Photo by Rhendi Rukmana on Unsplash
I broke down emotionally yesterday. While every day I make small progress in my work, but I was struggling to write down my findings.
I also have to remember not to take my husband for granted. He has taken some shit from me. He told me that I have to remember that my bad relationship with my father is affecting him.
I could not see how much my relationship with my father affected him. My father, while a good man and provides for the family, but he is the typical baby boomer Asian father. Think of Appa from Kim’s Convenience especially the part when he shuts off his photography major daughter when she speaks. That’s my father.
Growing up, people often told me just let it be because there are worse fathers in the world. Just forget about it, or he is like that.
Come to think of it, for all the best intentions; people ignored my feelings. People tell me to ignore my father. But that doesn’t work. Because when my husband doesn’t ignore me, I treat him as though he did.

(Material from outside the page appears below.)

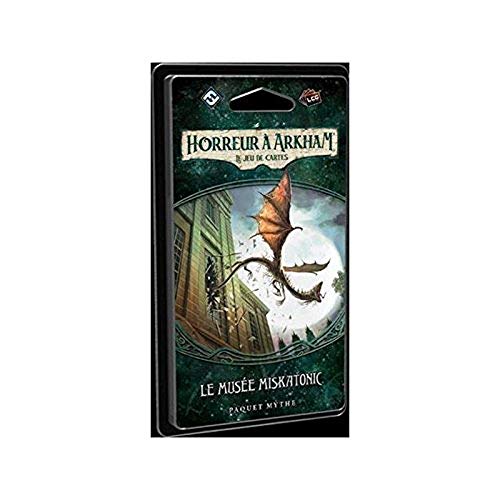 Asmodee Horreur à Arkham JCE – Erweiterung: Le Musée Miskatonic Gesellschaftsspiel – Kartenspiel – Horreur Asmodee Horreur à Arkham JCE – Erweiterung: Le Musée Miskatonic Gesellschaftsspiel – Kartenspiel – Horreur von Asmodee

Let me say this once and for all, and disclaimer, this statement will not stay permanent.
I hate my father and people who made me tolerate the bullshit. I hate my mother-in-law and people telling to tolerate her bullshit. I hate my husband’s younger sister to ask me to tolerate her mother’s bullshit.
God, I know that people will never protect me because they are humans but why didn’t you protect me? God, I am still angry.